**DATA RECORDS**
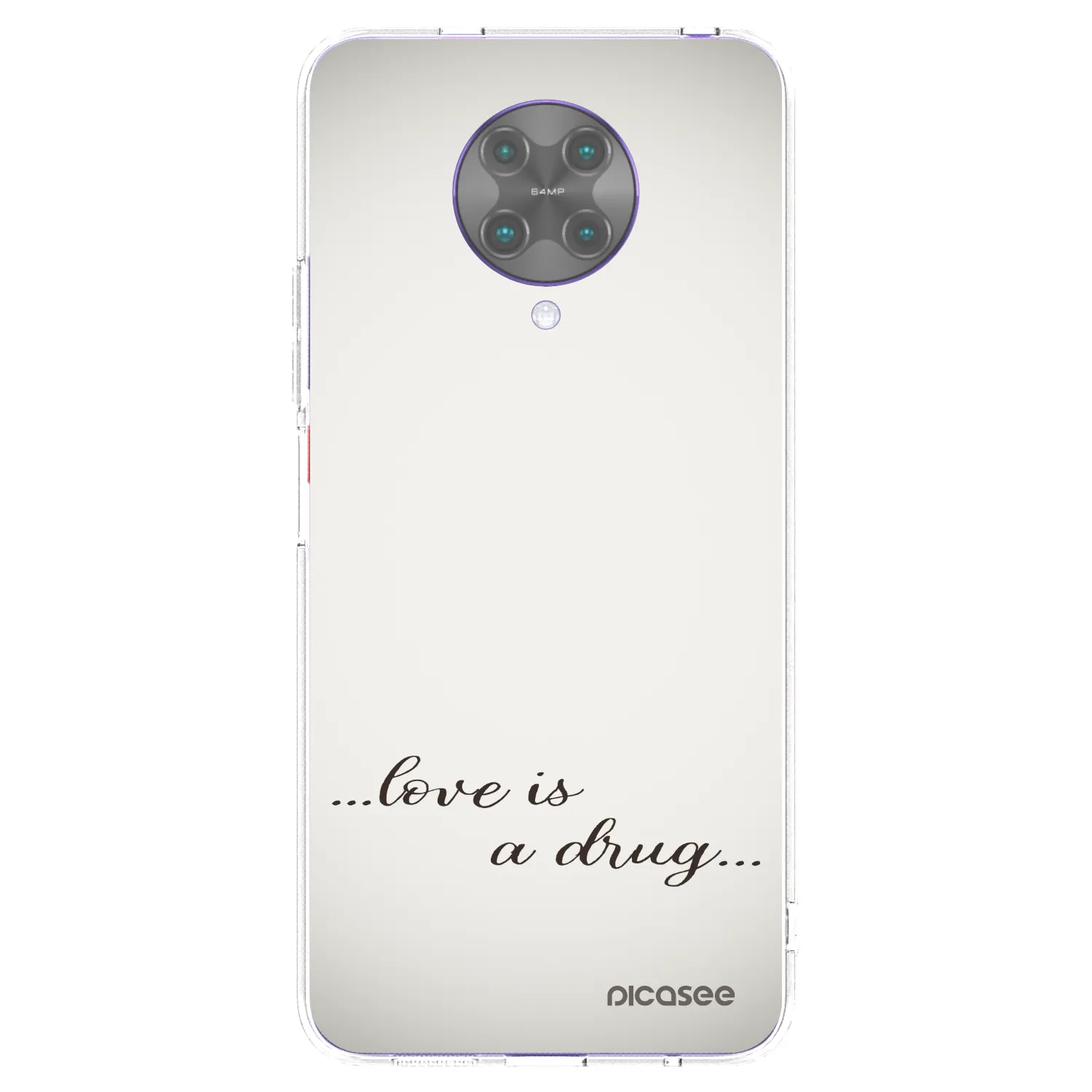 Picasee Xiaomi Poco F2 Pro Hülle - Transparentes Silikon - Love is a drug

---

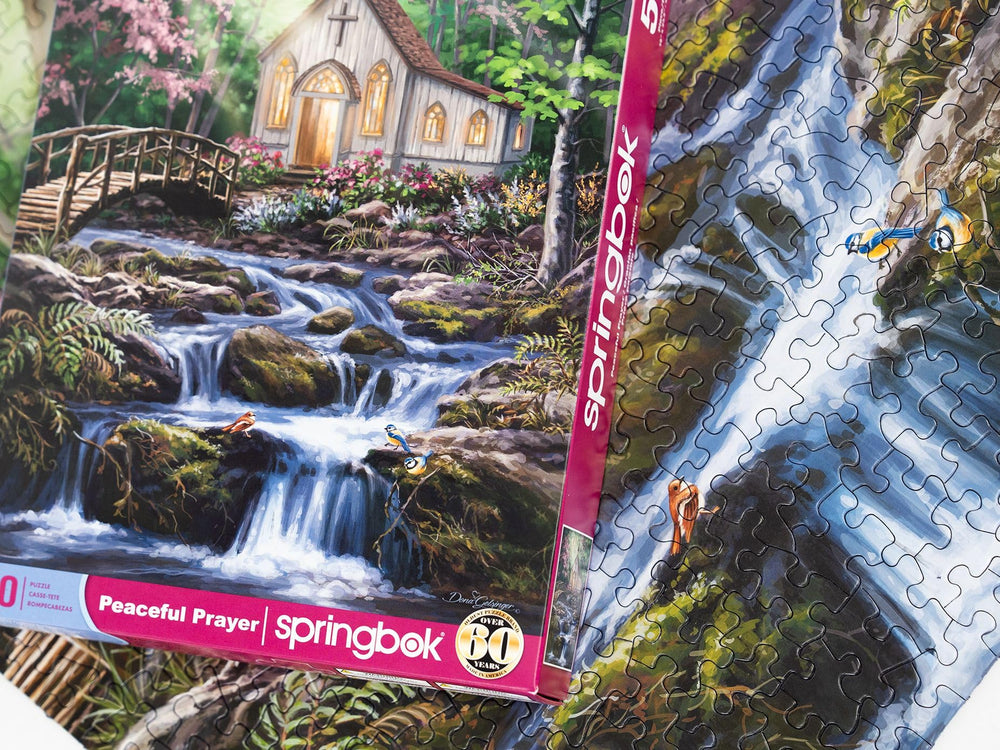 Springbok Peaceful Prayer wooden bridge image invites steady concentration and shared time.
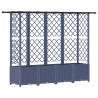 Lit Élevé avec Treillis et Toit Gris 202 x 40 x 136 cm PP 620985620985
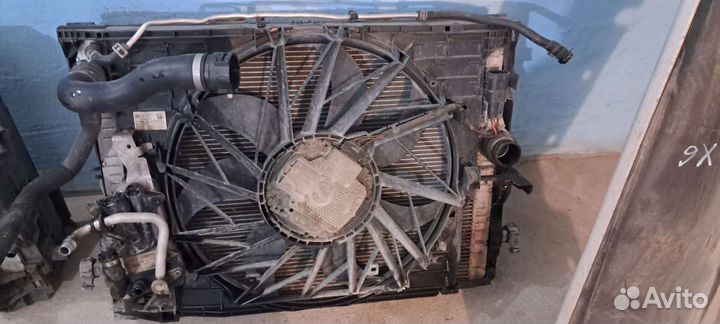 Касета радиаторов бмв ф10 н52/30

---

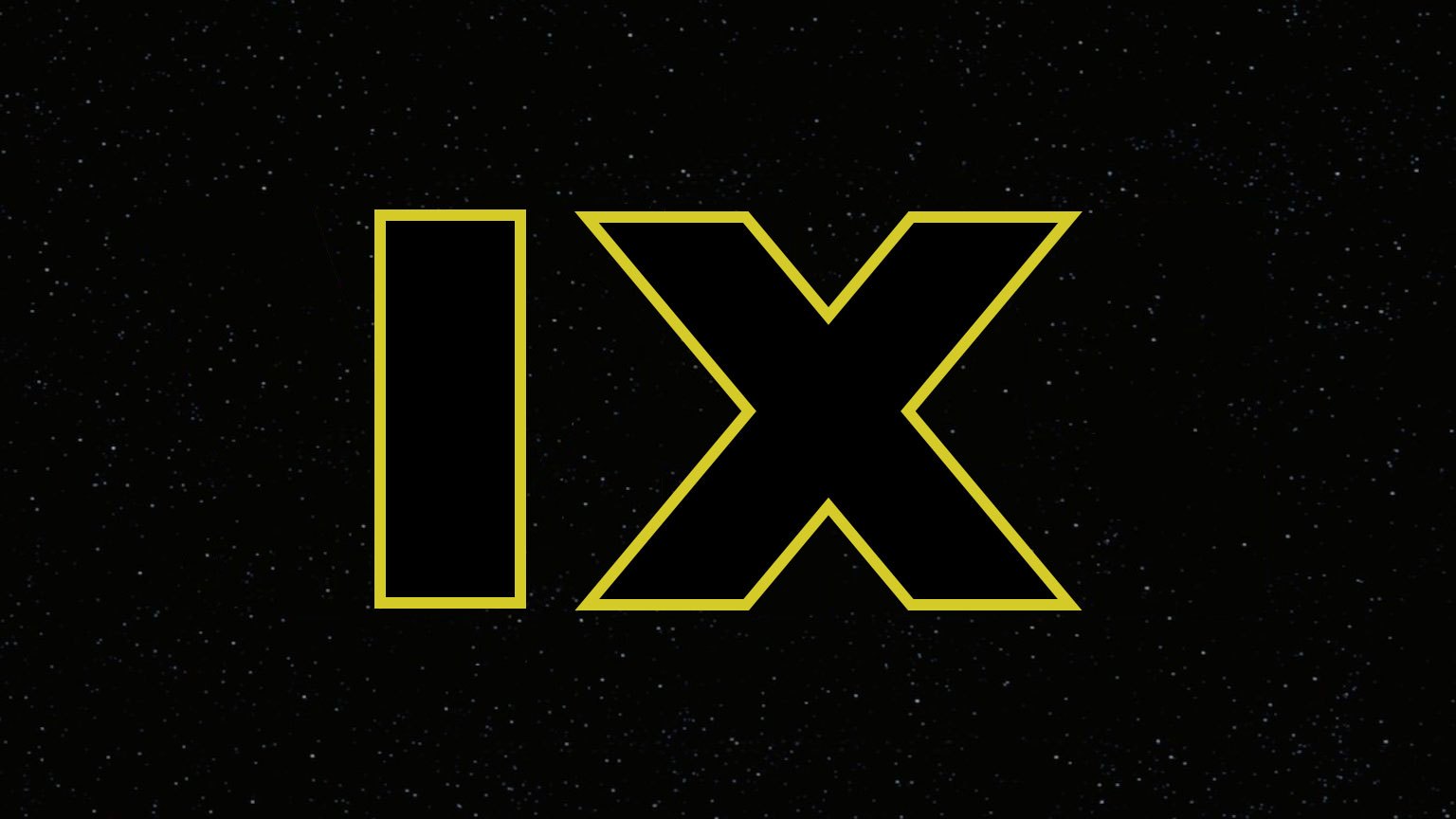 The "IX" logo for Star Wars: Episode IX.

**WHAT IS EXPECTED**
Within the listing above, write out the stretch from the line with "Lit Élevé avec" through the line with "Касета радиаторов бмв ф10 н52/30" exactly. Any pictures are to be left out.

**ANSWER BOX**
 Lit Élevé avec Treillis et Toit Gris 202 x 40 x 136 cm PP 620985620985
 Касета радиаторов бмв ф10 н52/30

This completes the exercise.